Capability-driven AI model routing with automatic failover
Runtime representation of a configured provider. Wraps the provider connector (which handles API communication) with operational state tracking: quota consumption, rate-limit headroom, and health status. A provider manages one or more models. Named ProviderService to distinguish from the connector interface documented in ConnectorInterfaces.md.
Depends on: ProviderConnector, ProviderState, SecretResolver.
from __future__ import annotations
from dataclasses import dataclass, field
from typing import Any
@dataclass
class RateLimitInfo:
"""Current rate-limit headroom for a provider."""
requests_remaining: int
"""Requests remaining in the current rate-limit window."""
tokens_remaining: int
"""Tokens remaining in the current rate-limit window."""
reset_at: float
"""Unix timestamp when the rate-limit window resets."""
@dataclass
class HealthStatus:
"""Provider health status snapshot."""
available: bool
auth_valid: bool
availability_score: float
last_probe: float | None
class ProviderService:
"""Runtime provider wrapper with state tracking."""
_name: str
_connector: ProviderConnector
_state: ProviderState
_secret_resolver: SecretResolver
_models: dict[str, Model]
def __init__(
self,
name: str,
connector: ProviderConnector,
secret_resolver: SecretResolver,
) -> None:
self._name = name
self._connector = connector
self._secret_resolver = secret_resolver
self._state = ProviderState()
self._models = {}
@property
def name(self) -> str:
"""Return the provider identifier."""
return self._name
def execute(
self,
model: Model,
request: CompletionRequest,
) -> CompletionResponse:
"""Execute a request through the provider connector.
Args:
model: The model to target.
request: The completion request payload.
Returns:
The completion response from the provider API.
Raises:
ProviderError: If the provider returns an error.
AuthenticationError: If credentials are invalid.

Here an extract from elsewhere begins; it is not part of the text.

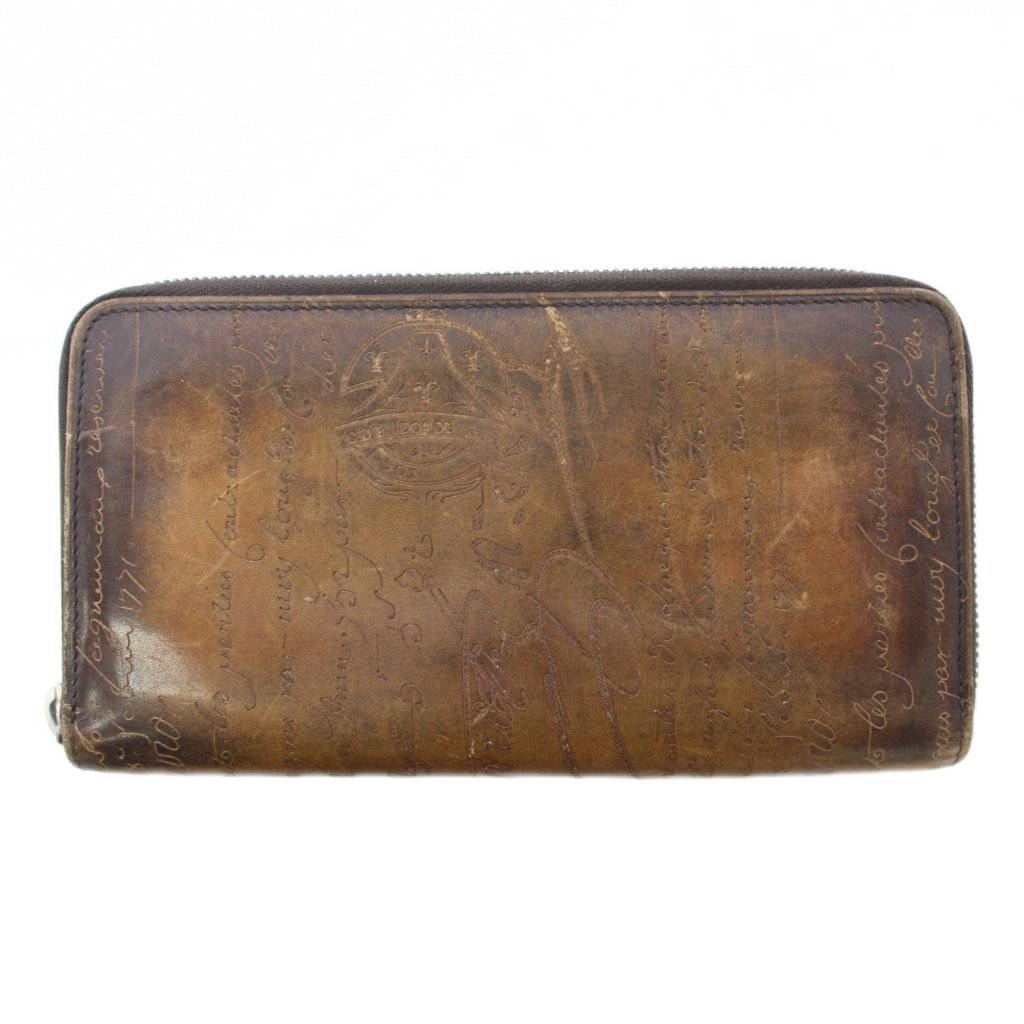 【中古】ベルルッティ Berluti イタウバ カリグラフィー 長財布 ロングウォレット ラウンドファスナー レザー 総柄 茶 ブラウン /BB メンズ 【ベクトル 古着】 260109 24,300円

RateLimitError: If rate limits are exceeded.
"""
...
def check_quota(self) -> dict[str, Any]:
"""Query current quota usage from the provider API (if supported).
Returns:
Dictionary with quota usage details (requests_used,
tokens_used, budget_used).
"""
...
def get_rate_limits(self) -> RateLimitInfo:
"""Return current rate-limit headroom.
Returns:
A RateLimitInfo snapshot.
"""
...
def get_health(self) -> HealthStatus:
"""Return the provider's health status and availability score.
Returns:
A HealthStatus snapshot.
"""
...
def is_available(self) -> bool:
"""Return whether the provider is operational (auth valid, not
deactivated).
Returns:
True if the provider can accept requests.
"""
...
def get_models(self) -> list[Model]:
"""Return all models registered under this provider.
Returns:
List of Model instances.
"""
...
interface RateLimitInfo {
/** Requests remaining in the current rate-limit window. */
requestsRemaining: number;
/** Tokens remaining in the current rate-limit window. */
tokensRemaining: number;
/** Unix timestamp when the rate-limit window resets. */
resetAt: number;
}
interface HealthStatus {
available: boolean;
authValid: boolean;
availabilityScore: number;
lastProbe: number | null;
}
class ProviderService {
private _name: string;
private connector: ProviderConnector;
private state: ProviderState;
private secretResolver: SecretResolver;
private models: Map<string, Model>;
constructor(
name: string,
connector: ProviderConnector,
secretResolver: SecretResolver,
);
/** Return the provider identifier. */
get name(): string;
/** Execute a request through the provider connector. */
async execute(
model: Model,
request: CompletionRequest,
): Promise<CompletionResponse>;
/** Query current quota usage from the provider API. */
async checkQuota(): Promise<Record<string, unknown>>;
/** Return current rate-limit headroom. */
getRateLimits(): RateLimitInfo;
/** Return the provider's health status and availability score. */
getHealth(): HealthStatus;
/** Return whether the provider is operational. */
isAvailable(): boolean;
/** Return all models registered under this provider. */
getModels(): Model[];
}
Provider parameters are configured under the providers section. See SystemConfiguration.md – Providers.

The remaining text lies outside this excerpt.